Stored data entries
▶
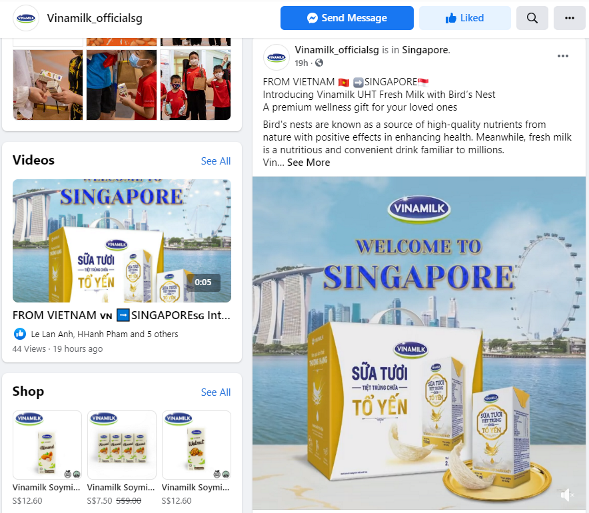 Xuất khẩu sữa tươi tổ yến đi Singapore, Vinamilk gia tăng sức cạnh tranh trong phân khúc cao cấp - Ảnh 2.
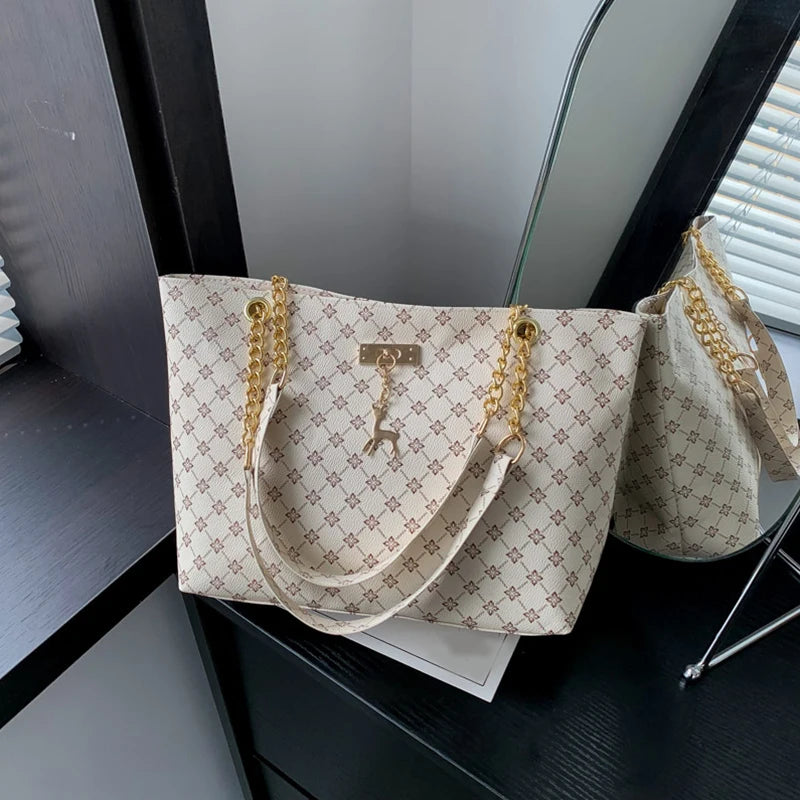 New Presbyopia Handbag Texture Soft Leather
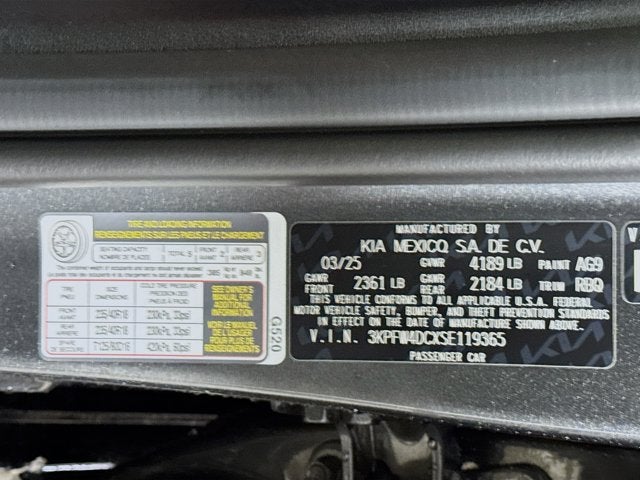 2025 Kia K4 GT-Line Turbo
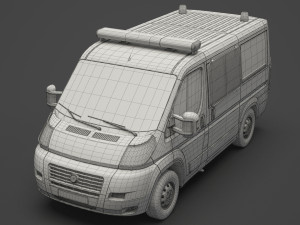 Police Van Modèle 3D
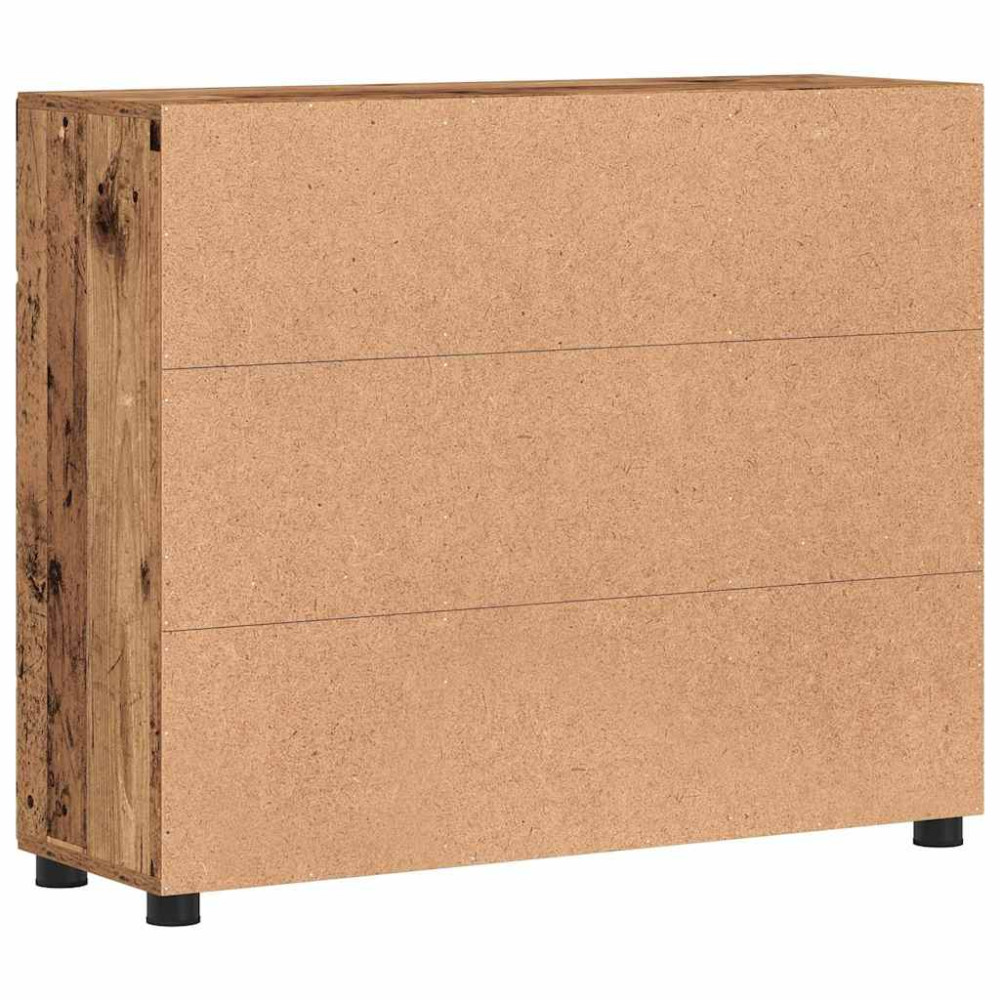 Produktbild för Sideboard med hylla FLORIN Gammalt trä 88,5 x 30,5 x 73 cm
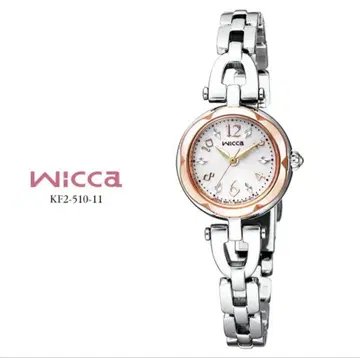Wicca KF2-510-11 실버/로즈 골드 솔라 아날로그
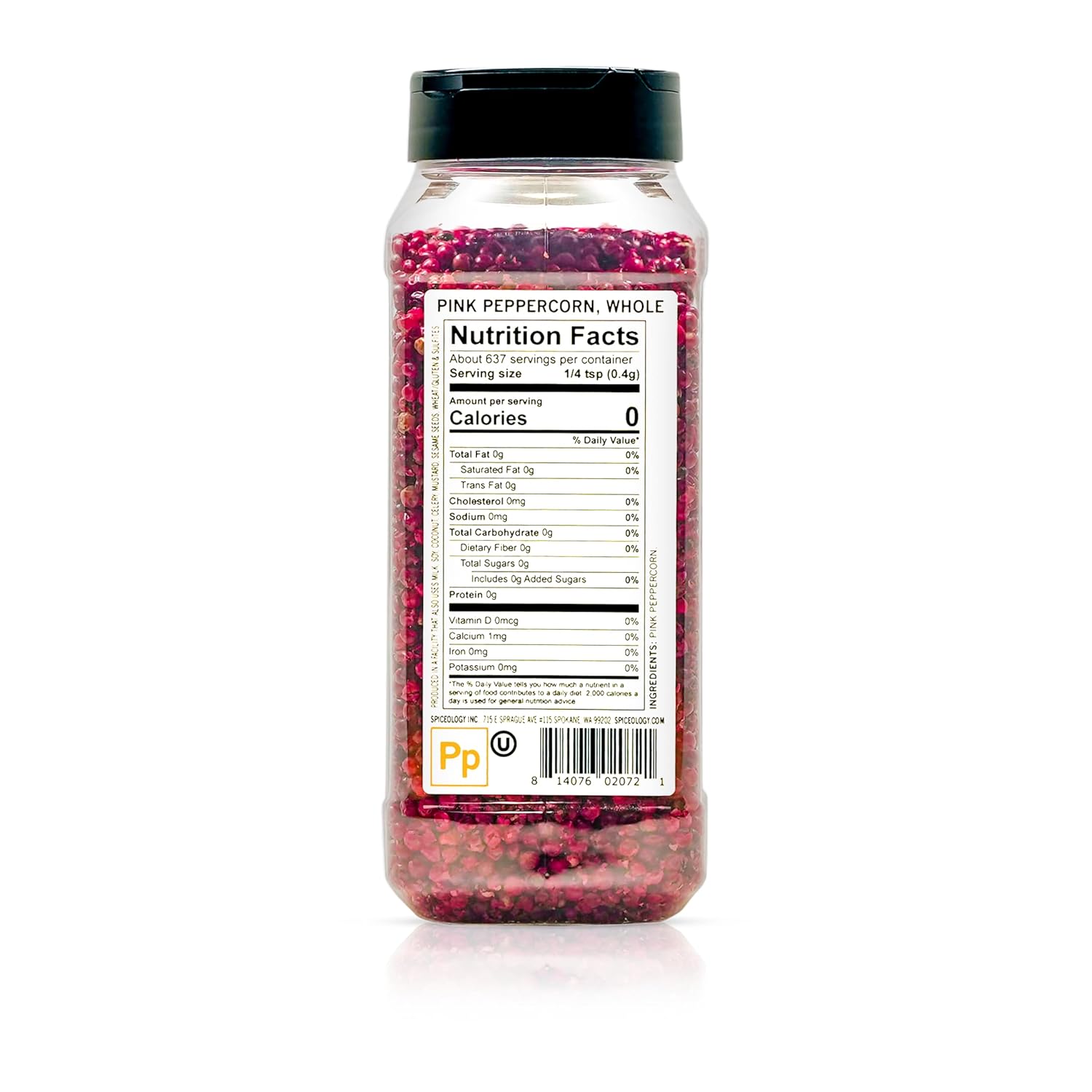 Spiceology – Whole Pink Peppercorn – Sweet, Floral & Mildly Peppery Spice – Perfect for Rubs, Sauces, Salads, Cocktails & Desserts – Adds Bright Color & Delicate Heat – 9 oz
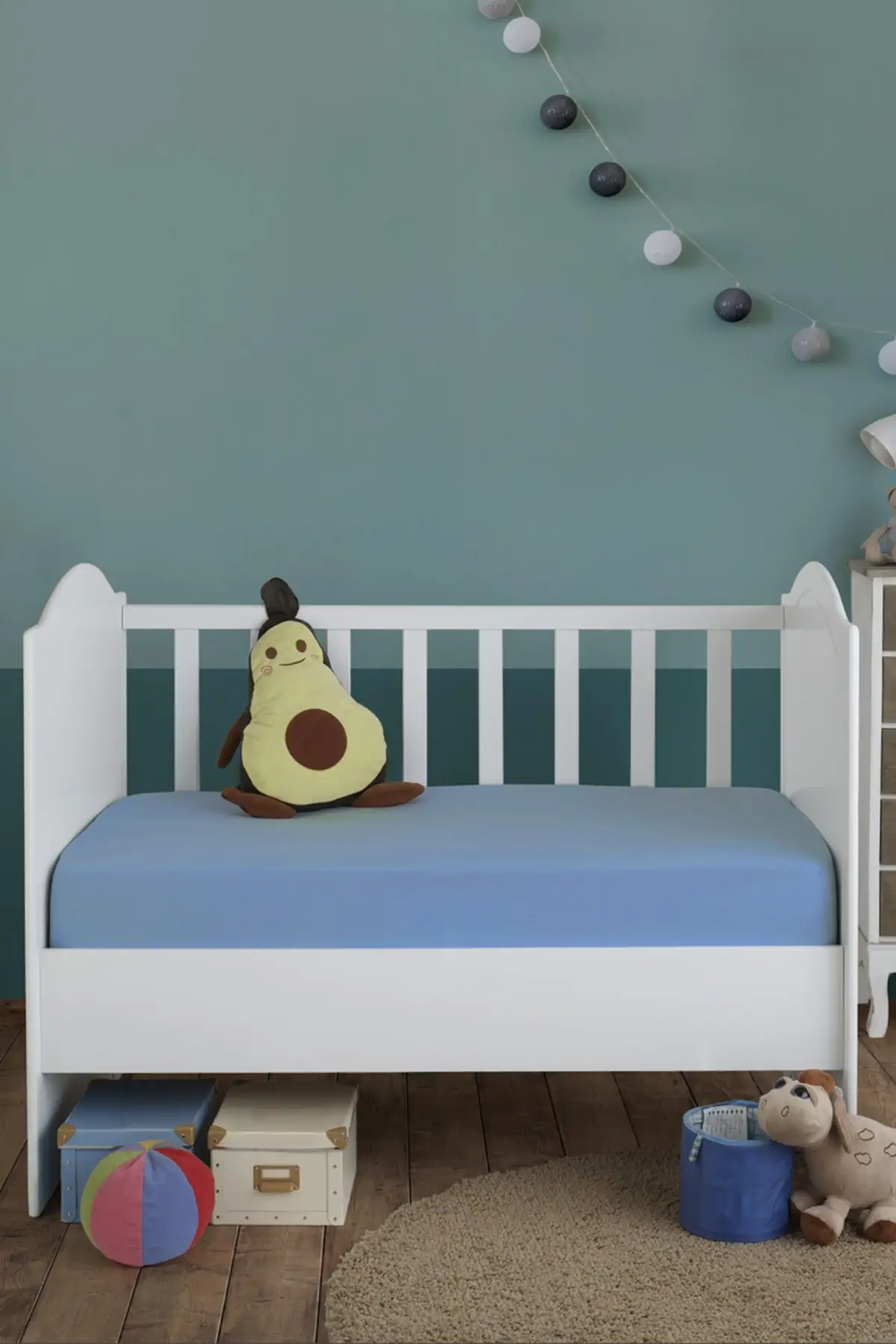

60x120 Lightblue Baby Fitted Combed cotton Bed Sheets 100 Cotton Free Shipping Turkey Wholesale Sale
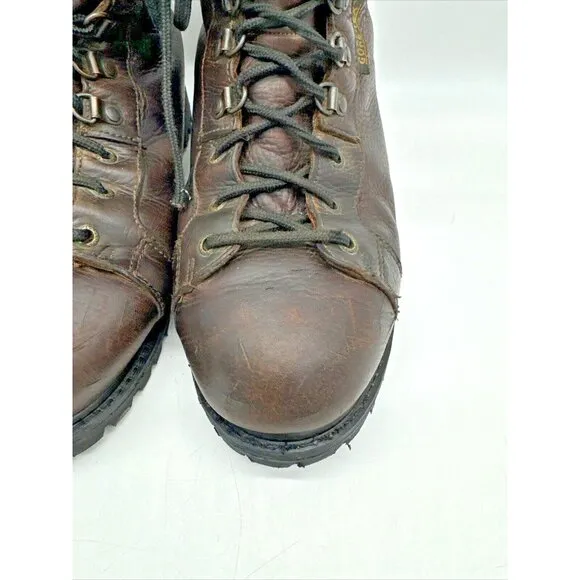 Rocky Leather Lace Up Work Boots Mens Size 11.5 W Brown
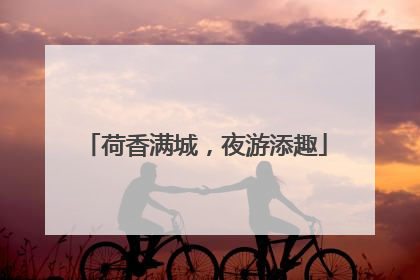 荷香满城，夜游添趣
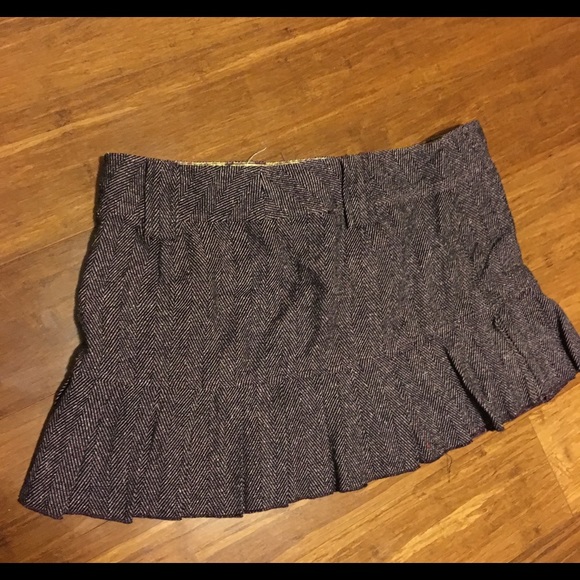 Purple pleated skirt - Picture 2 of 6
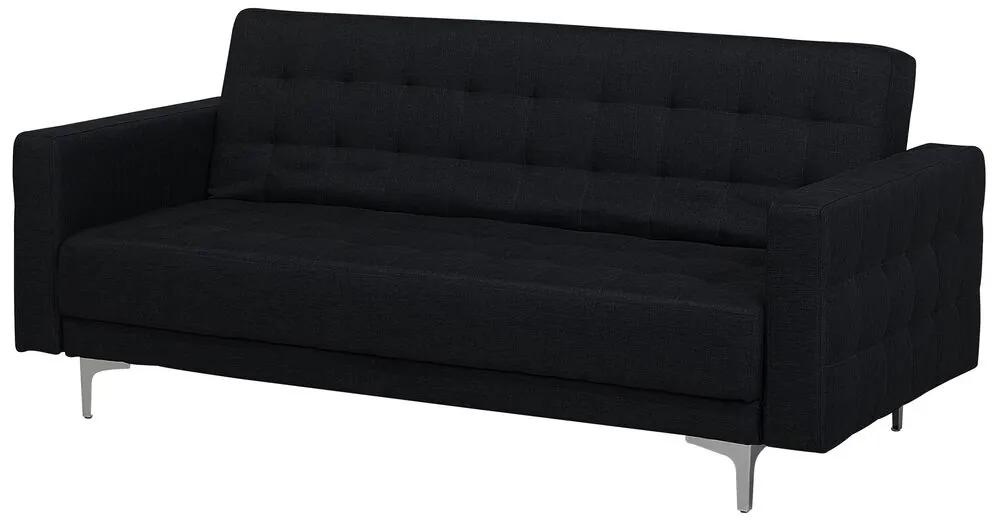 Conjunto de sofás reclináveis com 5 lugares em tecido cinzento grafite ABERDEEN Beliani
◀
- **Work to complete**
Without the pictures, repeat exactly the lines running from the line containing "Rocky Leather Lace" through the end of the data, both ends included.

- **Response**
 Rocky Leather Lace Up Work Boots Mens Size 11.5 W Brown
 荷香满城，夜游添趣
 Purple pleated skirt - Picture 2 of 6
 Conjunto de sofás reclináveis com 5 lugares em tecido cinzento grafite ABERDEEN Beliani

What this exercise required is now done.